Our business case must stand up to the factual test: Is the proposal based on documented problems, needs, or opportunities — as opposed to just our opinion? Even more challenging, it must be able to withstand and disprove any potential worry about any self-serving biases. Ergo, it needs facts, findings, and measures. While we may know that “the knowledge workers are spending considerable time doing their own searching — and missing key information in the process” — such a statement has the air of subjective opinion. “Seventy percent of those knowledge workers responding to the question indicated they spend at least 12 hours a month looking for literature and, of those, over half expressed a concern that they are not finding all the relevant information but have no further time to keep looking” constitutes a stronger way to state the problem, because it leaves us out of the picture.

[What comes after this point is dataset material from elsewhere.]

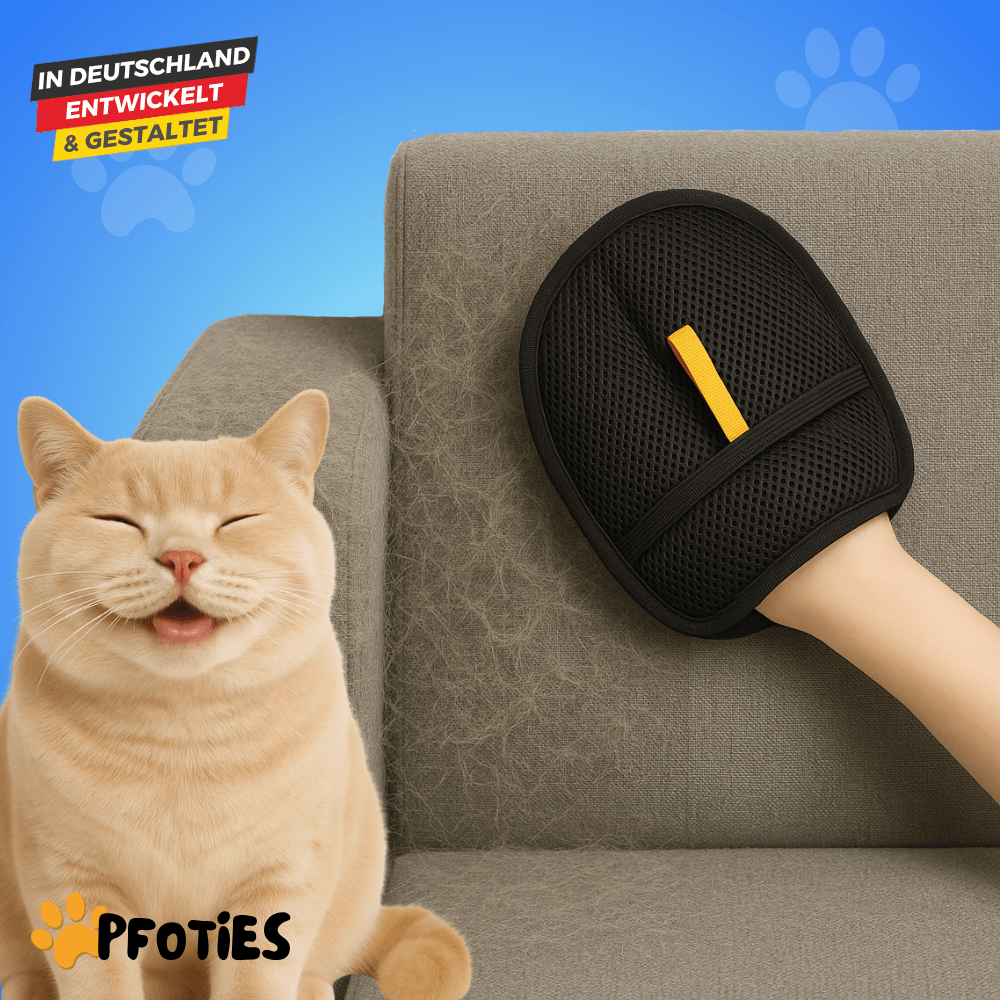 Pfoties Fellwischer entfernt zuverlässig Tierhaare von Kleidung, Sofa, Teppichen und Autositzen – wiederverwendbar, waschbar und nachhaltig.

Facts in Hand: Proceed to Write the Business Case

It is possible that we already possess the ammunition we need. As an example, our activity statistics may indicate clear trends that demand attention and action: A 65% increase year over year in the number of requests for information assistance leaves staff not only strained and stressed but also unable to perform to the level of quality desired. The merger has presented the need to develop a completely overhauled intranet and the necessary human resources are not available. A new commercial product has come on the market and 95% of knowledge workers have indicated they absolutely must have access to it. (And so on.)

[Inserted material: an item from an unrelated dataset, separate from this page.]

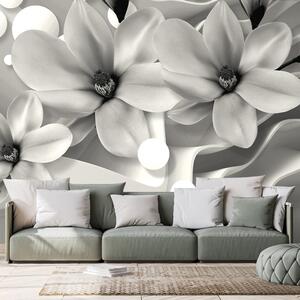 Tapeta crno-bijela magnolija na apstraktnoj pozadini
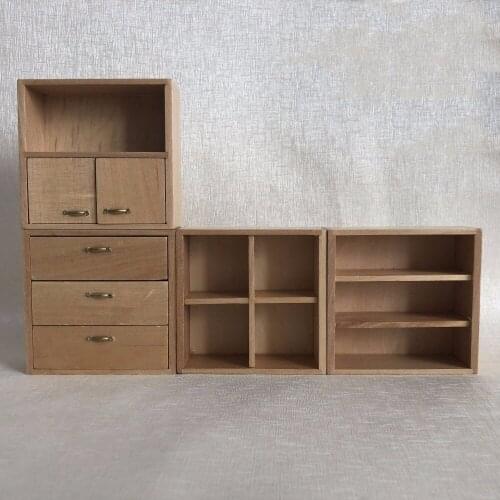 1:12 wood miniature Combine-unit closet mini furniture toys for dolls dollhouse pretend play toy for girls gifts collection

Facts Not in Hand: Do the Research First

It is wise to invest time upfront to discover the facts we need — even if the effort only confirms what we already suspected. In effect, we need to conduct a mini-audit to establish the measures we wish to portray in the “background” block. Using the knowledge worker self-searching example, suppose we want to propose an enhanced research service geared specifically to intensive support of project teams, requiring an additional position in the information center. We would need to measure the following:

  • How often do the knowledge workers do their own searches when they need information — 0%, 25%, 50%, 75%, or 100% of the time?

  • How long does it take them to search for themselves?

  • What is the organizational cost of that time?

  • How satisfied are they with their results?

  • Are there situations when project work has suffered, been delayed, or been redone as a result of the fact that self-searching produced incomplete information? What is the knowledge workers’ estimate of the amount of extra time required for project work in these situations?

  • Such measures put us in a position to quantify advantage to investing in a new position for an information professional against the organizational gain from a reduction in knowledge worker search time and an increase in productivity and quality of decision making.

Granted, we cannot claim that the investment of one position in the information center will enable us to deliver six- or seven-figure return-on-investment cash to the CEO at the end of the first year, but the calculation illustrates that we have measured the current “cost of not investing” as well as the potential impact of investing. Naturally, we introduce any such calculation in our document with disclaimer language (“The following is intended as an illustration of the kind of impact the current situation is having”) so as to ward off objections to hypothetical numbers.

The bottom line is that without facts and numbers, our business case would be vulnerable to the competition from other cases that feature them. Decision makers prefer to hang their judgments on something real.


Before sending any business document off to decision makers, I recommend we “step away” and put it to a few tests. First, have colleagues study it and test it for credibility: Are the facts sufficient? Is there jargon? Could arcane detail unique to our profession be expressed so the readers will understand? Are the proffered benefits realistic? Are there weak points? And so on. Second, test the document for potential reader reactions that could be addressed upfront. Could the reader ask, “Will this proposal really help us attain corporate goals?” Might the reader think, “Will I endanger my corporate stature if I espouse this proposal?” Would the reader worry “How will I be able to prove we got our money’s worth?”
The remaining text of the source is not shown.